Niemand voelt zich naar in een bos
De derde transitie die Bruggink benoemt is de gezondheidstransitie. “Ik verwacht voor de utiliteitsbouw dat biofiel ontwerpen een vlucht zal nemen. De mens an sich is natuur. We zijn dezelfde wezens die duizenden jaren geleden op de steppe wisten te overleven. Ons DNA is dus identiek aan dat van mensen die voor de industriële revolutie leefden. We zijn in feite helemaal niet gemaakt voor kunstmatige omgevingen. Niemand voelt zich naar in een bos, waarom halen we dat bos dan niet naar onze leefomgeving? Kijkend naar de kosten voor bedrijfsvoering kunnen we de volgende splitsing maken: 1% gaat op aan energie, 9% van de kosten is gebouwgerelateerd en de overige 90% geven we uit aan personeel. Het zou dus klip en klaar moeten zijn dat onze focus op personeel moet komen te liggen. In biofiele omgevingen zijn mensen namelijk 10-15% productiever en daalt het ziekteverzuim met 12%. Cijfers die er niet om liegen maar die tegelijkertijd minder hard zijn dan cijfers van bijvoorbeeld de opbrengsten van zonnepanelen. Dat komt doordat er ook andere zaken van invloed zijn op productiviteit en ziekteverzuim. Even platgeslagen: ook in biofilische omgevingen kun je een klootzak van een leidinggevende treffen.”
Foto: rubenvisser.com
Biofiel en biobased, een gelukkige combinatie
Bruggink vertelt dat gebouweigenaren zich in toenemende mate verantwoordelijk voelen voor de gezondheid van hun gebruikers. “Een gezonder gebouw zorgt voor gezondere mensen. En hoewel de cijfers dus niet in beton zijn gegoten, worden ze door praktijkvoorbeelden onderstreept. De directrice van de biofilische school die wij hebben mogen ontwerpen geeft aan dat de kinderen rustiger zijn en er een wachtlijst is voor leraren die hier graag willen werken. De wereld op zijn kop en slechts een van de vele voorbeelden die we in dit land en daarbuiten rijk zijn.”

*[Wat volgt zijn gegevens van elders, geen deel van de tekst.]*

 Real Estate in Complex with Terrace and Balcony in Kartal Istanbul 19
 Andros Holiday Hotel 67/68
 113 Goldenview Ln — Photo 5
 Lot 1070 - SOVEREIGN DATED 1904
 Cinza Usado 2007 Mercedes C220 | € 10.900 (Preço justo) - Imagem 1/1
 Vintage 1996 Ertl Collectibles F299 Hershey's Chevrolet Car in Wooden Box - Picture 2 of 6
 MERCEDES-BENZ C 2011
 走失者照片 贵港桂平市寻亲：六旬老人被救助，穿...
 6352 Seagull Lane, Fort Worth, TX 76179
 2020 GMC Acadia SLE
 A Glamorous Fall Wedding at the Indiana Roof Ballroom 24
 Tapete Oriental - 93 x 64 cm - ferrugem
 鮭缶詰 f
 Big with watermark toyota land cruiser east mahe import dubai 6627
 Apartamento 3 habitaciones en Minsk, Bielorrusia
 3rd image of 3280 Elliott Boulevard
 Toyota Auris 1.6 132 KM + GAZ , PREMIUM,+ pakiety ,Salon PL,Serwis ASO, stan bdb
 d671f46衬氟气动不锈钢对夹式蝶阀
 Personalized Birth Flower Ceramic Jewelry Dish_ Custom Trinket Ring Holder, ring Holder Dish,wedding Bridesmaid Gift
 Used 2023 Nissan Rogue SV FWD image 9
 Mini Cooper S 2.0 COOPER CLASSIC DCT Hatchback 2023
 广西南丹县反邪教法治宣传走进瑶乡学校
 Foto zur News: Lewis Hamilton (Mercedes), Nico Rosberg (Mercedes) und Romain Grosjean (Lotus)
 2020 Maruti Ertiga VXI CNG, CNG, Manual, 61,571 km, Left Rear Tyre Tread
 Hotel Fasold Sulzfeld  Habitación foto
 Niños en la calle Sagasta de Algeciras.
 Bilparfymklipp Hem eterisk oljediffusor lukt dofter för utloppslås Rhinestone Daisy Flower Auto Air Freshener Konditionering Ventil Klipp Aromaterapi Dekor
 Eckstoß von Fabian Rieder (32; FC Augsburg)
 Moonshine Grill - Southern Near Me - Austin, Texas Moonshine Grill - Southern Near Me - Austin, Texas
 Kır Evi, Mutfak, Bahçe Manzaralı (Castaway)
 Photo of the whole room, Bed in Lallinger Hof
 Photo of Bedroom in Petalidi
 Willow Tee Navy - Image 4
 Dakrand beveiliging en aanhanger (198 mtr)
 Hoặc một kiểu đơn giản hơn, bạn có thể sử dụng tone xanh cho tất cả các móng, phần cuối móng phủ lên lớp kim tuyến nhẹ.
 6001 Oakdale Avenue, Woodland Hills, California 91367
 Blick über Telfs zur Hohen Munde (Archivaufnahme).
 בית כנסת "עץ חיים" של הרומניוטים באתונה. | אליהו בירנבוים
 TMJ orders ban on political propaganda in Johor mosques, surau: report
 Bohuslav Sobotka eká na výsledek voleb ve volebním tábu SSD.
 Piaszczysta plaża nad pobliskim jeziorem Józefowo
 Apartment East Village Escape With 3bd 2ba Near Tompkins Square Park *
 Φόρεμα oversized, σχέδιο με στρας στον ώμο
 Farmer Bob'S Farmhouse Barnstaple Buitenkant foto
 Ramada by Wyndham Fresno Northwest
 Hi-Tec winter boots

“Hoewel de combinatie tussen biofiel en biobased ontwerpen en bouwen geen wetmatigheid is -we zien ook stalen gebouwen waar door glasgebruik veel daglicht binnentreedt en waar groenwanden en houten meubilair zijn toegepast- is het wel een logische. Het is tijd om breder te kijken dan CO2. Helaas heeft bijna niemand het over gifstoffen in gebouwen of over vervuilde bodems. Mijn oproep is om de tunnelvisie los te laten en op een integrale manier naar de gebouwde omgeving te kijken. Het is geen toeval dat biobased materialen op alle vlakken goed uit de bus komen.”